Last week a German military spokesman, Lieut. General Dietmar, broadcast over the Berlin Radio:

“It must be impressed on every one that decisions against such an enemy as Russia cannot be achieved in no time. The easiest and most complete victories are achieved when the moral resistance of the army—the will to fight—is hit quickly. Against Soviet soldiers there is no chance of weakening this moral resistance by bitter experiences—a process which in other armies spreads like wildfire.

“The Russians are unusually capable of both taking it and giving it. The war against the Soviet Union is a fight against the most powerful military organization in the world, and to bring it to its knees is a difficult task.

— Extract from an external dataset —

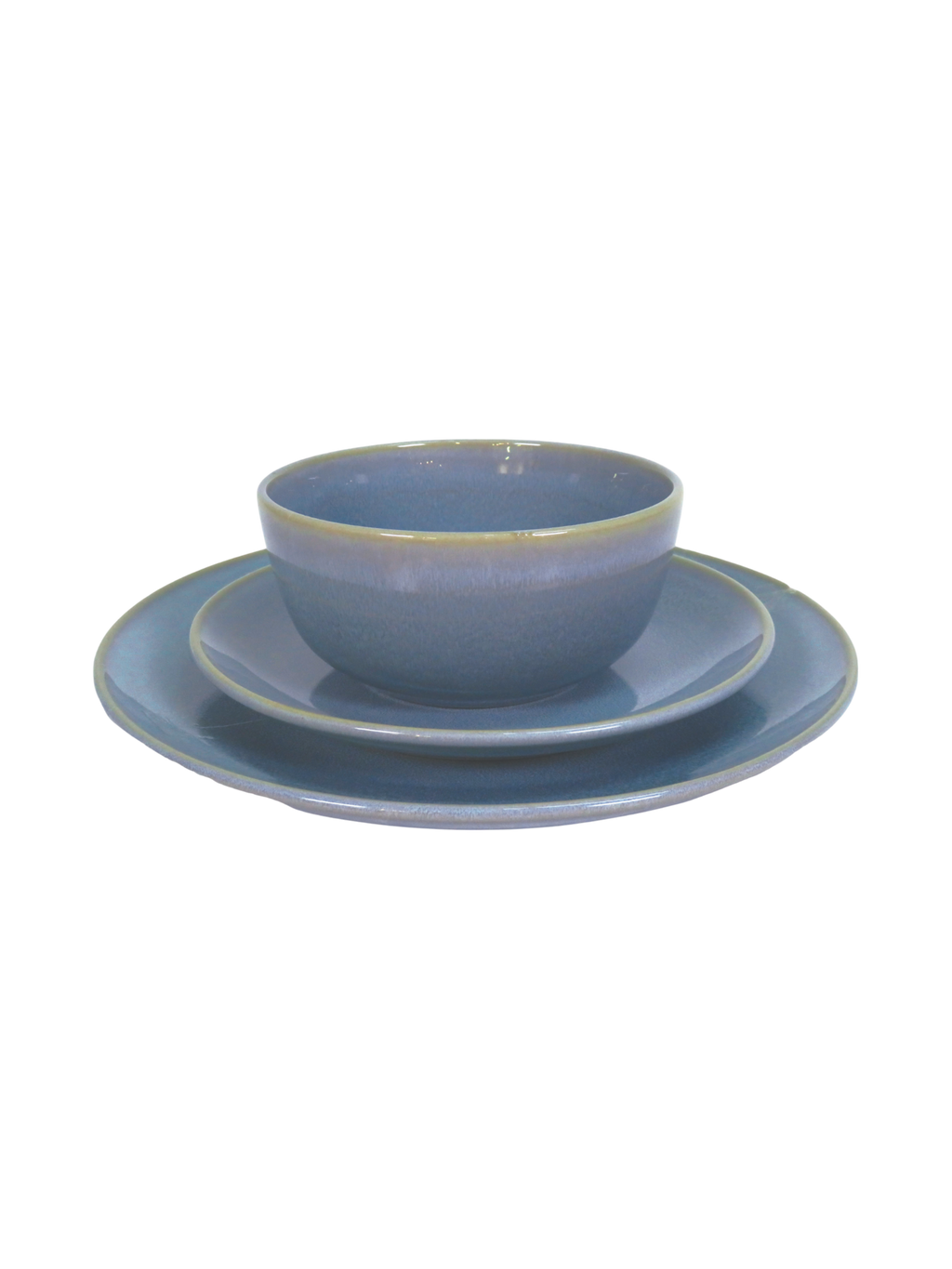 Devonport Reactive Glaze Dinner Set - Blue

“Decisions in this war mature only slowly. There is no other enemy in the world with such artful skill in delaying decisions. The enemy confronting us is of a completely different cast of mind, a thing difficult for us to grasp. No enemy can postpone decisions like the Russians, and none can equal them in keeping the scales balanced by throwing in ever-fresh masses. Masses present a difficult problem both to the German High Command and to the German Army, which has to deal with them. On the other hand, the Soviet command lacks tactical consciousness and the feeling of responsibility.

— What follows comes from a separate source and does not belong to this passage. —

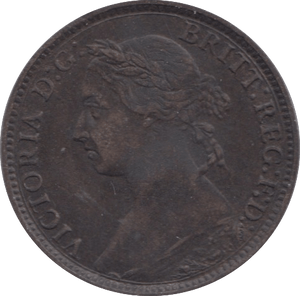1893 FARTHING ( EF ) 23 - Farthing - Cambridgeshire Coins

“The German command and Army were sorely tried by the Russians’ unexpected and seemingly improbable tactics, especially at the beginning of the campaign. The Soviet soldier is far more strongly attached than any other soldier to the system in which he finds himself. The authority of the Soviet leadership is limitless. But the system which holds them together is not unshakable. Every defeat suffered by the Russians proves this anew.”